The US Food and Drug Administration and the European Commission have granted AM0010 Orphan Drug designation for the treatment of pancreatic cancer. The FDA also granted Fast Track designation for AM0010 in combination with Folfox as second-line therapy in patients with pancreatic cancer.
ARMO is conducting an international Phase 3 randomized clinical trial evaluating AM0010 in combination with Folfox (folinic acid, 5-fluorouracil and oxaliplatin) versus Folfox alone, as second-line therapy in patients with pancreatic ductal adenocarcinoma that has progressed during or following a first-line gemcitabine-containing regimen.
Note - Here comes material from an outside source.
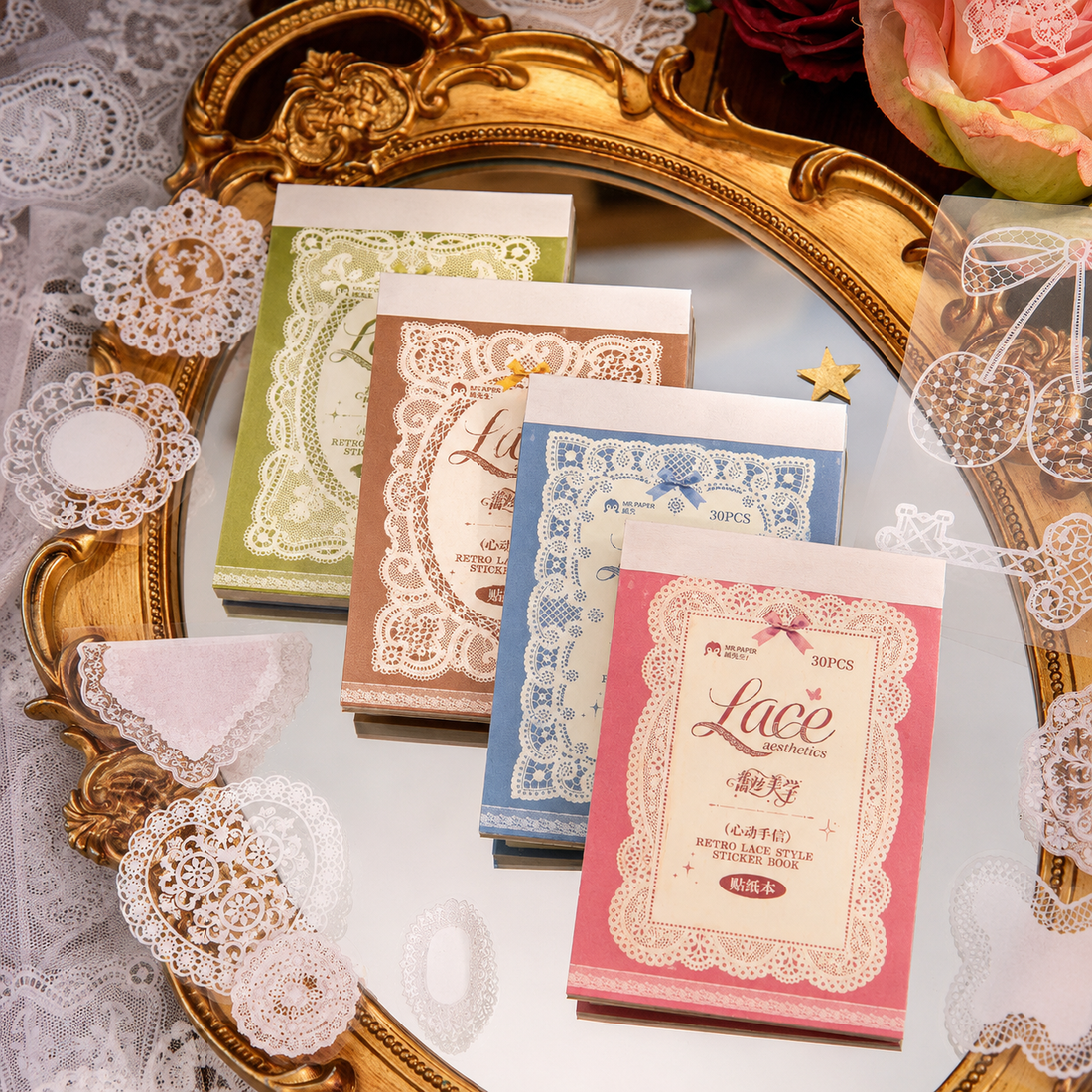 "Lace Aesthetics" Retro Sticker Book Series by mr.paper - main product view for scrapbook decoration | Lumiyear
The study expects to enroll approximately 566 patients and will evaluate overall survival as the primary endpoint.
Progression-free survival, overall response rate and safety are the secondary endpoints. Exploratory endpoints will evaluate biomarkers that may correlate with tumor response, immune activation and relationships to clinical efficacy outcomes.
Armo BioSciences is developing a pipeline of novel, proprietary products that activate the immune system of cancer patients to recognize and eradicate tumors.
In addition, the company is developing an immuno-oncology pipeline that includes validated product candidates such as an anti-PD-1 monoclonal antibody, aimed at treating a variety of cancers in combination with standard of care treatments and emerging immunotherapies.